Run SUSE service as user _rmt and group nginx

[schaefi]

The SUSE cgyle service is expected to run as user _rmt

[schaefi]

@joelgordon this can only be merged if the user _rmt is allowed to write to /var/lib/registry

[schaefi]

@joelgordon I'm not merging this prior your approval :)

[joelgordon]

_rmt is not currently allowed to write to /var/lib/registry

[joelgordon]

If it is not already, we would like to make this path configurable. In the short term we would like the path on our servers to be /var/lib/rmt/public/repo/registry so that we do not have to create a new disk or symlink. Later when we are forced to add a new disk, we would like to be able to change the path.

[schaefi]

If it is not already, we would like to make this path configurable. In the short term we would like the path on our servers to be /var/lib/rmt/public/repo/registry so that we do not have to create a new disk or symlink. Later when we are forced to add a new disk, we would like to be able to change the path.

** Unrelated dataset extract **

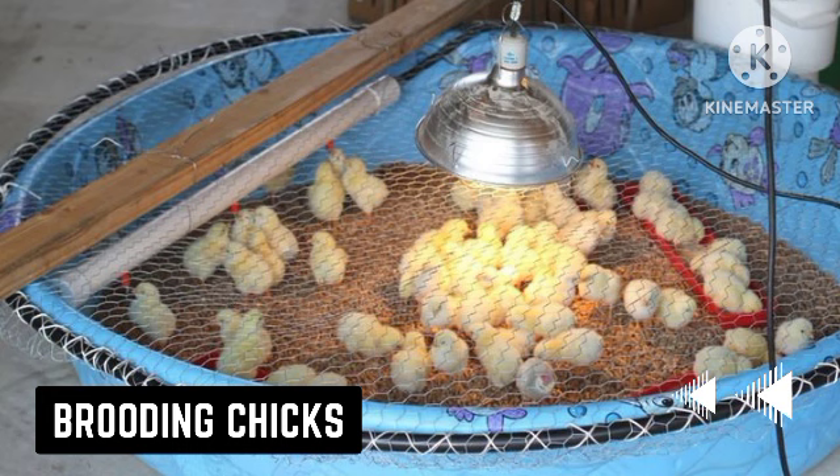Provide heat and observe the behavior of the chicks to see if the heat is sufficient. If the chicks cluster together near the source of heat, the heat is insufficient and you need to increase it. However, if the chicks stay away from the source of heat, it is excess and you need to reduce it.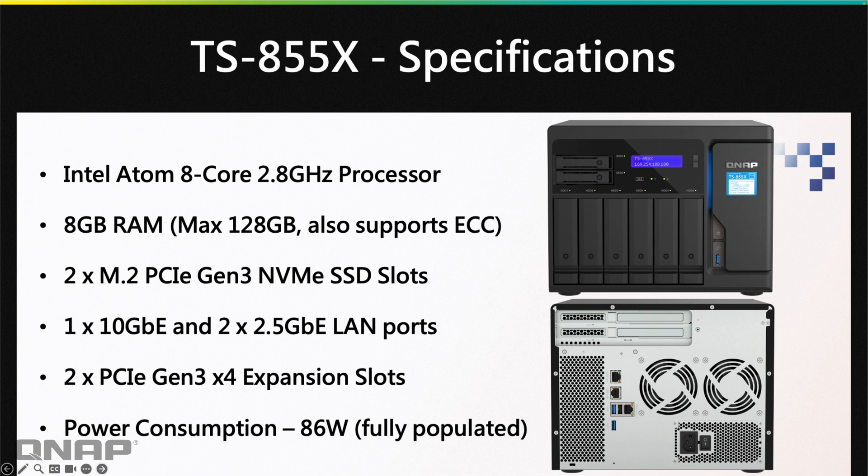It's got two Gen 3x4 PCIe slots, so there are lots of options for PCIe cards — faster networking, adding more SSDs, and things like that. It works with both QUTS Hero and QTS, giving you flexibility across operating systems. The eight bays are split into six 3.5-inch bays as well as two 2.5-inch dedicated SSD bays.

@joelgordon The path to the registry is already configurable. At the moment you see among others in the systemd service file the following option setting:

--updatecache local://distribution:/var/lib/registry

if you change the registry location this setting needs to be changed to e.g

--updatecache local://distribution:/var/lib/rmt/public/repo/registry

Please note cgyle does not offer migration code from one path to another. So the copy of data from former-path to new-path is not a responsibility of cgyle. If you start empty at the new path a full caching procedure will be the result

[schaefi]

@joelgordon I pushed a commit here to change the registry path to /var/lib/rmt/public/repo/registry

[schaefi]

@joelgordon I'll keep this PR open until you approve. Thanks

[joelgordon]

LGTM, you can merge whenever you would like.

[schaefi]

LGTM, you can merge whenever you would like.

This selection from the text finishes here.